Foundation for Kids Credit
Raine Financial Solutions2020-08-21T05:39:47+00:00It’s practically impossible to do anything these days without a good credit score. But, 15% of your credit score comes from just having credit history, which means that young people are starting out at a disadvantage. Thankfully, there are some things you can do to help your child develop their credit score before they’ve moved out of the house.
Open a Savings Account
It’s never too early to start teaching your child about money. One way to do this is with a child’s account in a bank or credit union. Encourage them to save their allowance, money they get on birthdays, and any other money they end up with. While this won’t impact their credit score now, it will set them up for a lifetime of good money habits. What age you can start this depends on which bank you go to so shop around your local banks and credit unions.
Add Your Child to Your Credit Card
When your child heads into their teen years it is possible to add them to your credit card as an authorized user and this will help them start to develop a credit score. Of course, it’s important that this credit card be used wisely and gets paid off in a timely fashion or else it will start negatively impacting your credit score and theirs.
Co-Sign on a Loan
This is perhaps the riskiest suggestion for your own credit score. Co-signing on your child’s loan will help them be able to secure a loan that if they pay back as they are supposed to will help them with build credit. However, if they stop making payments on that loan then you will be responsible for paying it off.
Encourage them to get a Student Credit Card
If your child is going into college encourage them to get a Student Credit Card. These cards are designed specifically for college students in mind. This means they don’t have very high credit requirements to get approved for it.

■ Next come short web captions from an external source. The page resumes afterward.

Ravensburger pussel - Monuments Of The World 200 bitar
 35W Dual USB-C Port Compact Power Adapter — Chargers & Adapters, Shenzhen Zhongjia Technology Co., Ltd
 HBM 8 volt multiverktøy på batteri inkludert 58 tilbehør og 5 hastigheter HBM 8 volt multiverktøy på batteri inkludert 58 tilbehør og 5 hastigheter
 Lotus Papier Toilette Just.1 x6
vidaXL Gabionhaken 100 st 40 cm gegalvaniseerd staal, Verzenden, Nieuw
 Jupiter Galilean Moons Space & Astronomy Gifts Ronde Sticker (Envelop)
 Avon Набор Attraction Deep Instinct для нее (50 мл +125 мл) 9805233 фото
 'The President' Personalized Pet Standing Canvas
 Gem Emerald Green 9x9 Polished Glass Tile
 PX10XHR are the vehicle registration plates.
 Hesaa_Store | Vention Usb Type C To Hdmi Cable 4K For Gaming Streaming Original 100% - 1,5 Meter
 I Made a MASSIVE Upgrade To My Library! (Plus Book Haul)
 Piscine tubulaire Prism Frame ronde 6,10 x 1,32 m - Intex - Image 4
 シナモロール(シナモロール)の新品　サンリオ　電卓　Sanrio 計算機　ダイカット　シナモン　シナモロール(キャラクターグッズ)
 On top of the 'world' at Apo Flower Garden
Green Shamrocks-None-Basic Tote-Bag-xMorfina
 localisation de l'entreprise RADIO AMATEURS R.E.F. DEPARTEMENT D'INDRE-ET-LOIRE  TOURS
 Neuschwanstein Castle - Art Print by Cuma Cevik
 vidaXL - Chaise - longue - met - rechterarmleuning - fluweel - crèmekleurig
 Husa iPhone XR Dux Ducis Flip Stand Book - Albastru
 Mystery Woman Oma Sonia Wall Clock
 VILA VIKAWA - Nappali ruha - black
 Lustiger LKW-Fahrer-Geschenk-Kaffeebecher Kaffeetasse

Help them Save for a Secured Credit Card
If your child isn’t going to college, or they can’t get a Student Credit Card for some reason then a secured credit card might be the right option for them. A secured credit card requires you to save up a certain amount of money to get the credit card. The card is then available to them, typically in the amount that they saved up. So, if you saved $500 to get a secured credit card, you would have $500 in credit on that card.
Open New Forms of Credit (Cell Phone, Utility Bills)
Another way to build credit when you’re young is by getting a cell phone you pay for monthly and having utility bills in your name. Being able to show that you can faithfully pay all of your bills every month is a great way to develop your credit score. Of course, this isn’t very easy to do if you’re still living at home with your parents and it means that you can’t be on the family cell phone plan anymore. But in the long run, it will be worth it.